Interface for consuming changes #13

procrastinationfighter · 2021-11-12T13:29:51Z

Fixes: #5

This pull request adds an interface for consuming changes from CDC table.
The module consumer provides a Consumer trait and a ConsumerFactory trait that define interface used by the reader component. Data from the table is passed to a consumer in a CDCRow object.
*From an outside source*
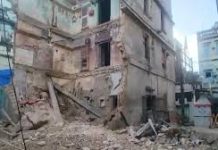 3 killed as old residential building collapses in Gujarat’s Veraval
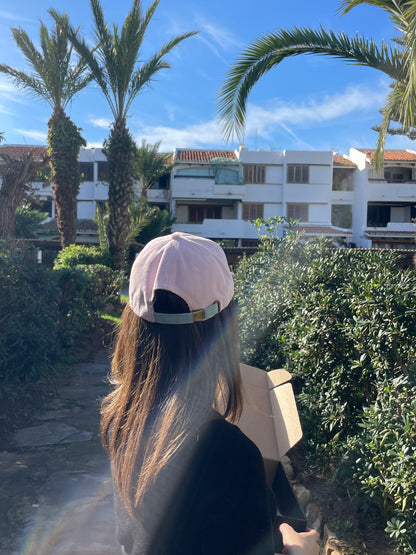 Vue arrière de la casquette montrant la sangle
CDCSchema is used to create new CDCRow objects.

macher259 · 2021-11-12T13:43:58Z

scylla-cdc/src/customer.rs

+    mapping: HashMap<String, usize>,
+}
+
+const STREAM_ID_NAME: &'static str = "cdc$stream_id";


I think constants have static lifetime by default.

That's right, I can't decide which option looks better, so I will just leave it for now.

Update: Clippy recommended me to remove it.

scylla-cdc/src/customer.rs

Ponewor · 2021-11-12T20:39:38Z

scylla-cdc/src/customer.rs

+    PreImage = 0,
+    RowUpdate = 1,
+    RowInsert = 2,
+    RowDelete = 3,
+    PartitionDelete = 4,
+    RowRangeDelInclLeft = 5,
+    RowRangeDelExclLeft = 6,
+    RowRangeDelInclRight = 7,
+    RowRangeDelExclRight = 8,
+    PostImage = 9,


I know this comment is redundant at this point after @piodul's suggestion to use num_enum but for the record:
you don't have to be explicit with integer values here, they are assigned this way by default.

Ponewor · 2021-11-13T04:14:13Z

scylla-cdc/src/customer.rs

@@ -0,0 +1,113 @@
+use std::collections::HashMap;


You probably wanted to name the file consumer.rs, didn't you?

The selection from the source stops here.